A norma, fundada no princípio constitucional da dignidade da pessoa humana, tem por escopo apenas ressaltar que, ainda quando haja motivo, a rescisão ou a suspensão de plano de saúde não pode resultar em risco à preservação da saúde e da vida do paciente, que se encontra em situação de extrema vulnerabilidade.
Desse modo, no caso de usuário internado, o óbice à rescisão ou suspensão do plano de saúde prevalecerá independentemente do regime de sua contratação (coletivo ou individual), devendo-se aguardar a conclusão do tratamento médico garantidor da sobrevivência e/ou incolumidade física.

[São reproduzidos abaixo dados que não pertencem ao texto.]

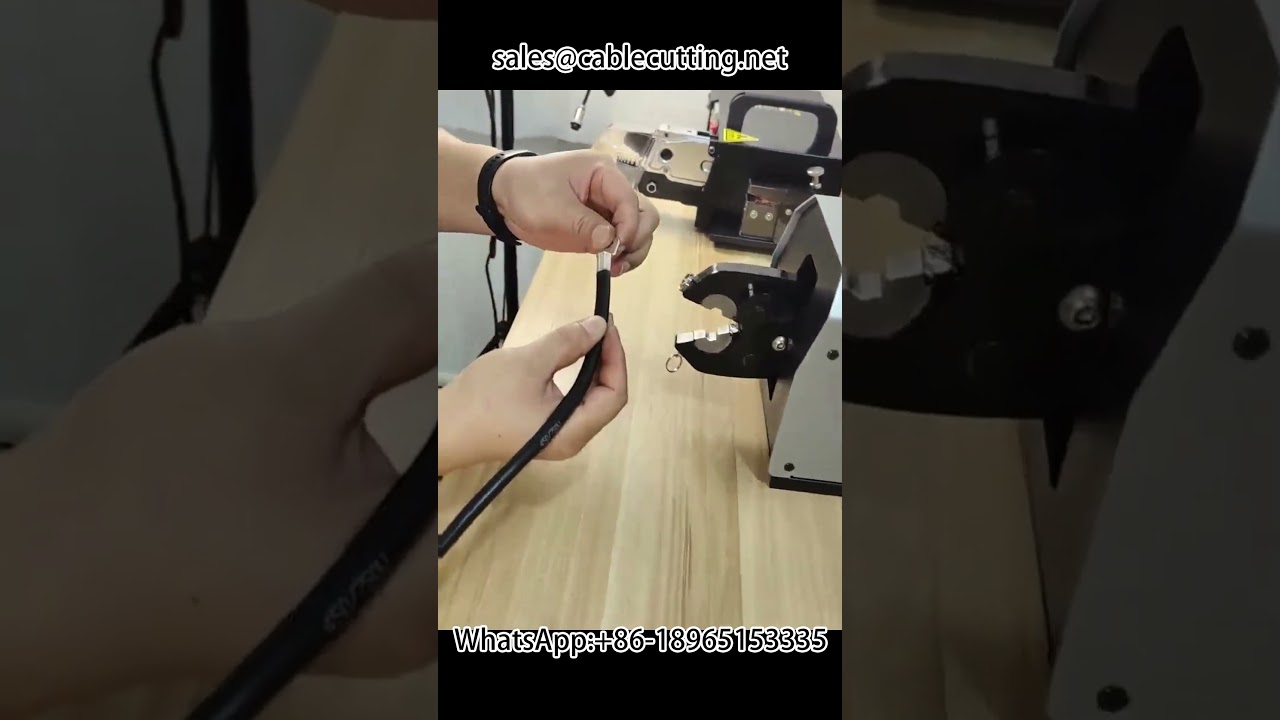 Alicate de Crimpagem Pneumático JY-120L – Precisão e Alta Produtividade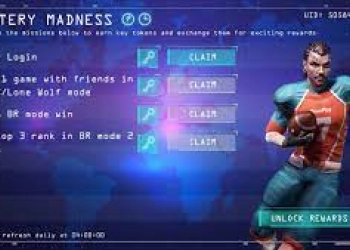 Mystery Madness, Sesuatu yang Baru dan Menarik di Permainan Free Fire
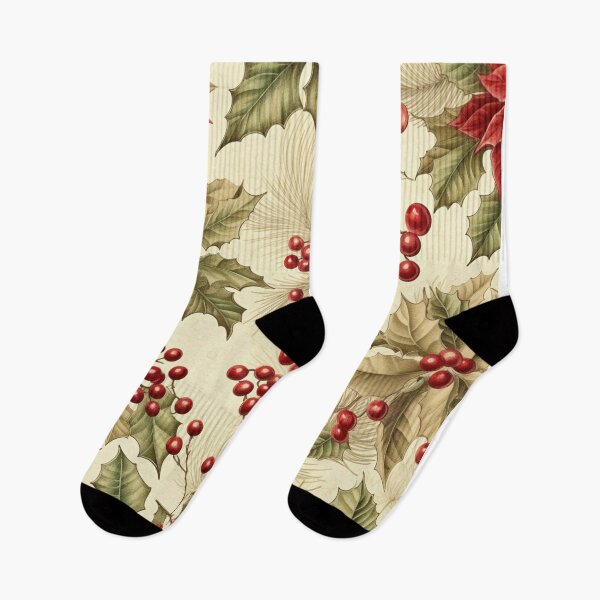Artikelvorschau, Vintage Weihnachtsdeko entworfen und verkauft von GiraffeCreative.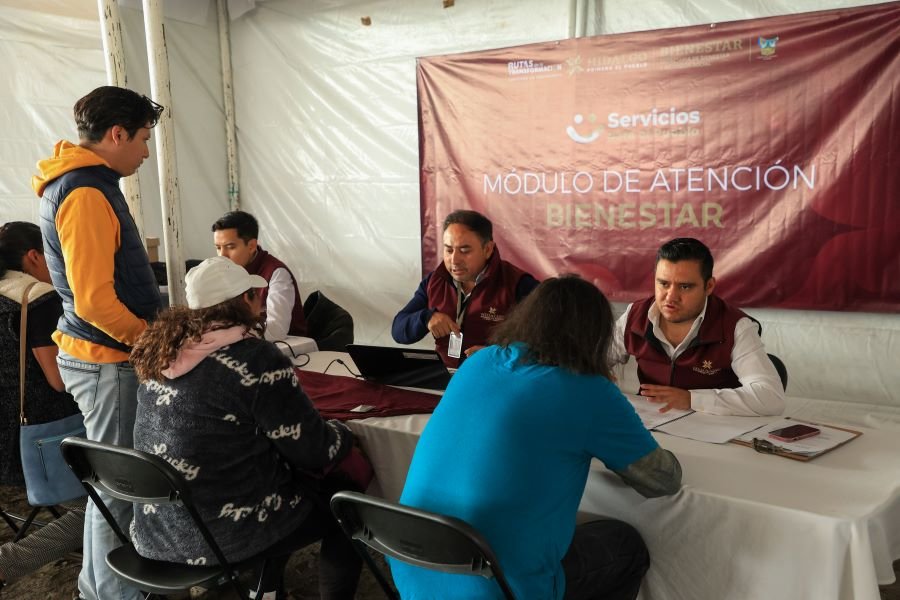 Regresan Las Rutas de la Transformación a Tolcayuca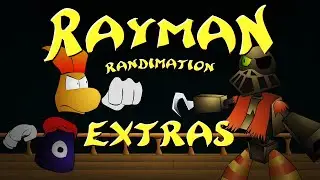 Rayman Randimation Extras [Reupload]
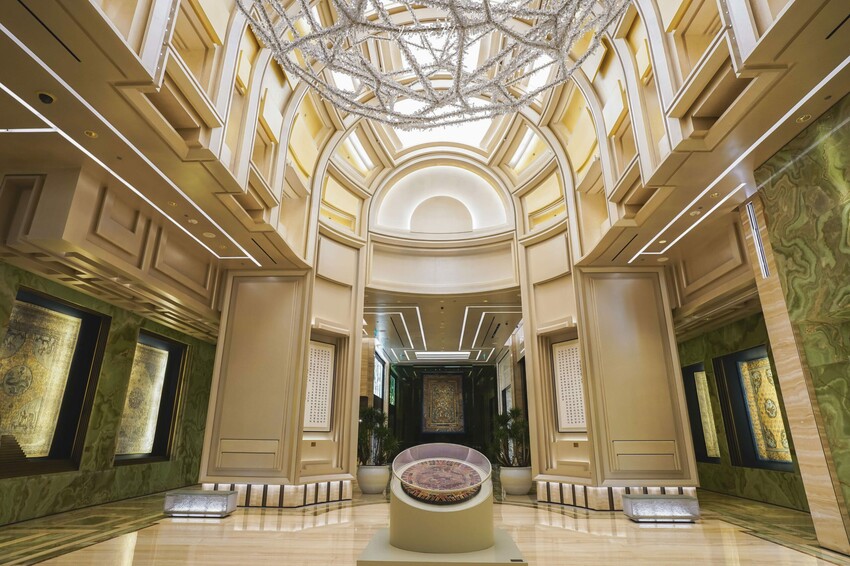 【澳門|住宿】美獅美高梅MGM COTAI。入住奢華珠寶盒,與藝術共融,多國美食交會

Tal exegese coaduna-se, ademais, com o disposto no artigo 35-C da Lei 9.656/98, segundo a qual é obrigatória a cobertura do atendimento nos casos de emergência (como tal definidos os que implicarem risco imediato de vida ou de lesões irreparáveis para o paciente) ou de urgência (assim entendidos os resultantes de acidentes pessoais ou de complicações no processo gestacional).[…]”
Dessa forma, durante todo o lapso temporal do tratamento ao qual sujeito o beneficiário, o plano de saúde não poderá rescindir a avença unilateralmente, sob pena de cometimento de flagrante ilegalidade, a ser combatida judicialmente.
Conclusões:
Ante as considerações realizadas no presente artigo, pode-se concluir que em regra, não há direito de manutenção do plano de saúde quando existe o cancelamento do contrato entre a empresa estipulante e o plano. A ausência de direito inclui os beneficiários empregados ativos, aposentados e mesmo demitidos, isto é, toda a coletividade que poderia, em tese, ser beneficiária do plano de saúde.
A situação é excepcionalizada no que atine aos beneficiários que se encontrem em tratamento ou internamento médico. Neste caso, eles farão jus à manutenção do plano de saúde, podendo recorrer ao Poder Judiciário para assegurar tal direito.